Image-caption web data
━━━━━━

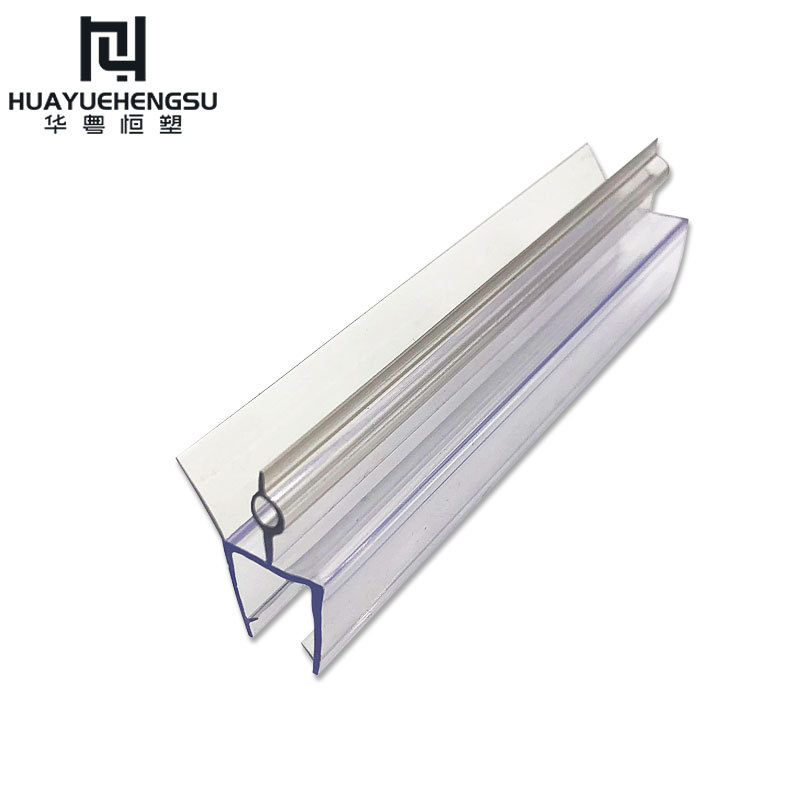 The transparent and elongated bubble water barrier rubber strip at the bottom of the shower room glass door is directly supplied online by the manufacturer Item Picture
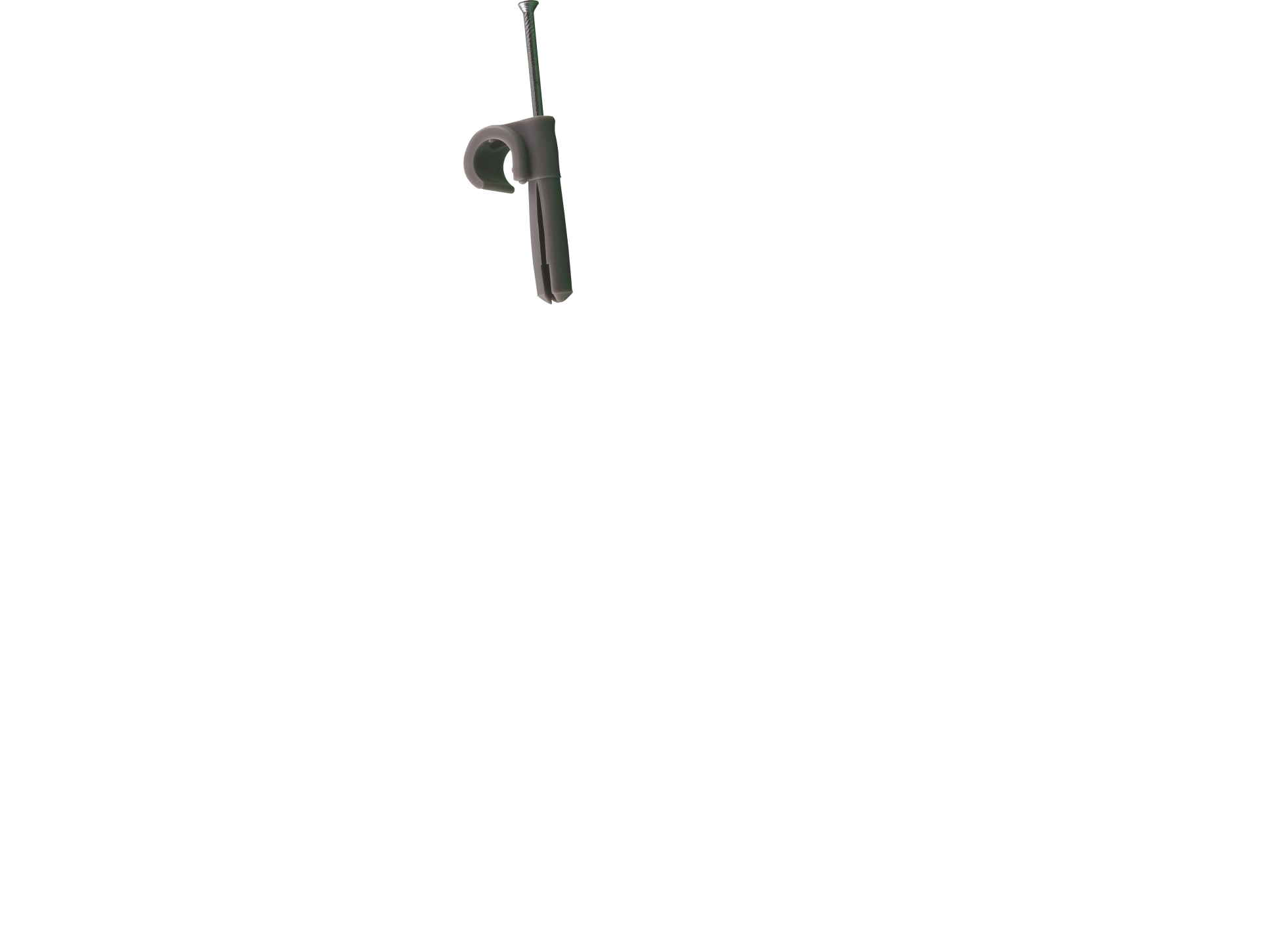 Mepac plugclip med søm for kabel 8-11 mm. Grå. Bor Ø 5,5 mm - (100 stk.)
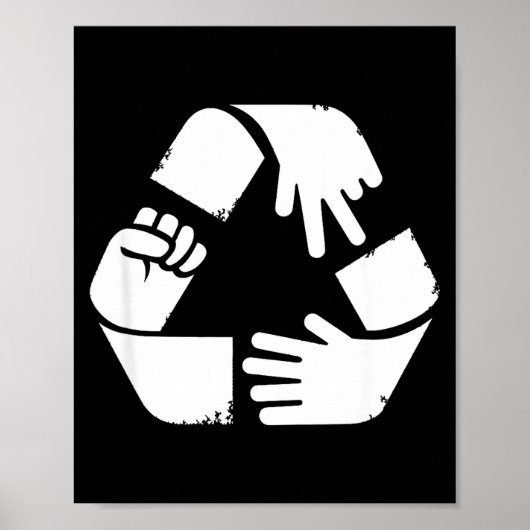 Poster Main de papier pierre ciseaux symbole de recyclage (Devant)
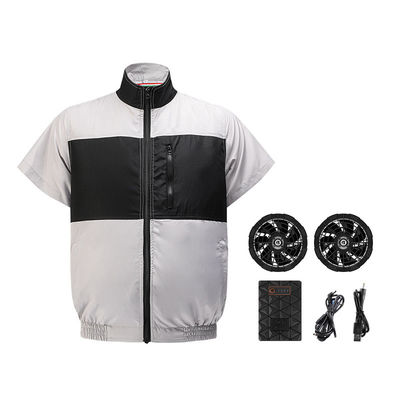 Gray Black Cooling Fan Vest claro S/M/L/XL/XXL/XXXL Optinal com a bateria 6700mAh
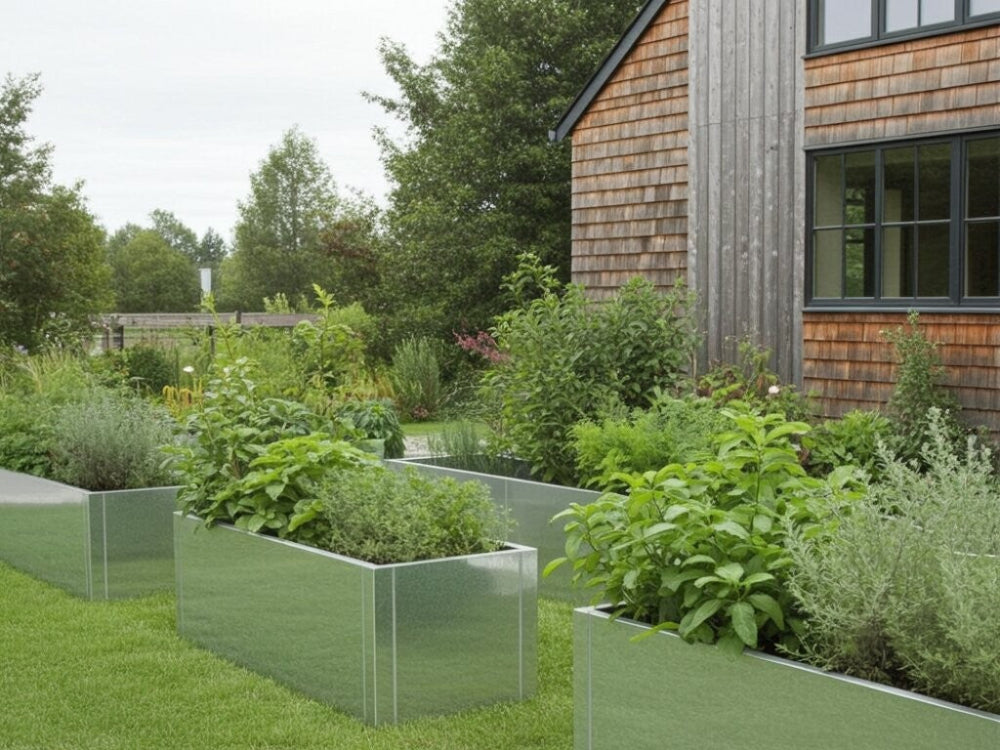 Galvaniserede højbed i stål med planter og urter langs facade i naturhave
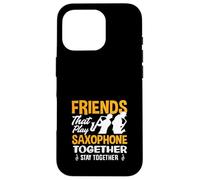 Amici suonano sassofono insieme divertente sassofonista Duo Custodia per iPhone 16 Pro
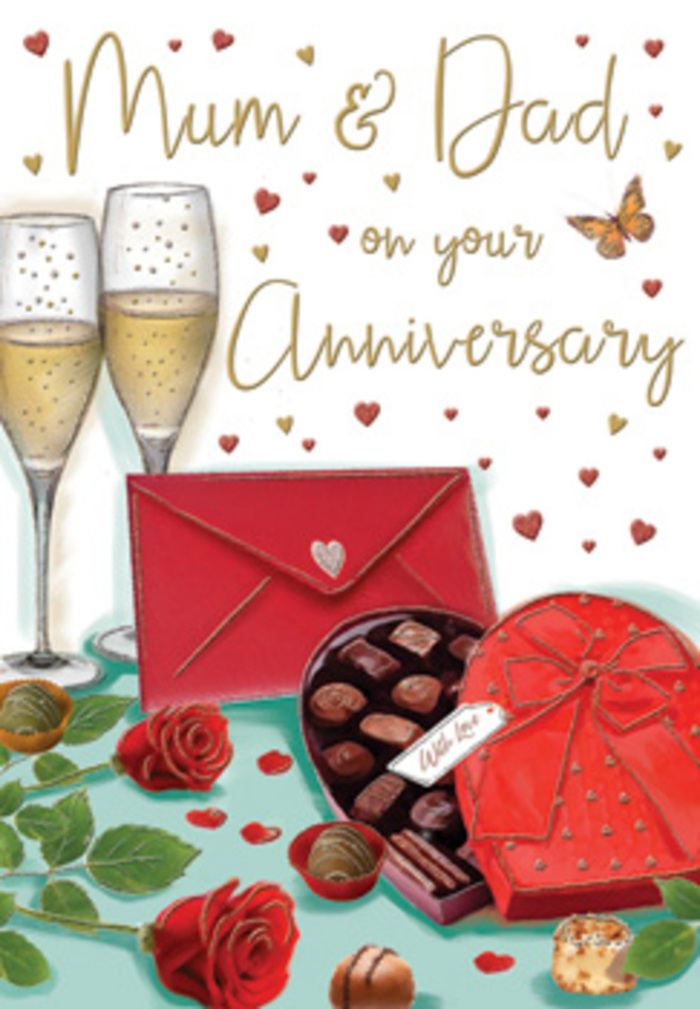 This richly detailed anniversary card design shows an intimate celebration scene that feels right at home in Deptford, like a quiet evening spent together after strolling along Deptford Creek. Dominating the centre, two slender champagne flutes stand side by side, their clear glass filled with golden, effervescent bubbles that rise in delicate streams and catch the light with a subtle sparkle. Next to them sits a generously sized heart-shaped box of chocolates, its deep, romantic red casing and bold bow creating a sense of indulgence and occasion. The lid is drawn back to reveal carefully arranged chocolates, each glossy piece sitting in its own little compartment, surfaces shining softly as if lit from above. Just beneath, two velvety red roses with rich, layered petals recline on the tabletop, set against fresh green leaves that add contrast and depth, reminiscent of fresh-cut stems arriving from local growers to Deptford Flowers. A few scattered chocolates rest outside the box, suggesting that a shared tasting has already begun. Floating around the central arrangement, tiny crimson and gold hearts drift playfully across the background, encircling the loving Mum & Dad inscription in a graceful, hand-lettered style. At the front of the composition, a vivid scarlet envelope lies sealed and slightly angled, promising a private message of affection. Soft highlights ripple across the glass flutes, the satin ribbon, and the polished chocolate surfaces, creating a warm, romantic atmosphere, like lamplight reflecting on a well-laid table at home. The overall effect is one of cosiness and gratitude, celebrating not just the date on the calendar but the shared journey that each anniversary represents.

━━━━━━

Problem to work on
Print exactly the lines from the first line of the records above through the line containing "Amici suonano sassofono", leaving out the pictures.

Reply
 The transparent and elongated bubble water barrier rubber strip at the bottom of the shower room glass door is directly supplied online by the manufacturer Item Picture
 Mepac plugclip med søm for kabel 8-11 mm. Grå. Bor Ø 5,5 mm - (100 stk.)
 Poster Main de papier pierre ciseaux symbole de recyclage (Devant)
 Gray Black Cooling Fan Vest claro S/M/L/XL/XXL/XXXL Optinal com a bateria 6700mAh
 Galvaniserede højbed i stål med planter og urter langs facade i naturhave
 Amici suonano sassofono insieme divertente sassofonista Duo Custodia per iPhone 16 Pro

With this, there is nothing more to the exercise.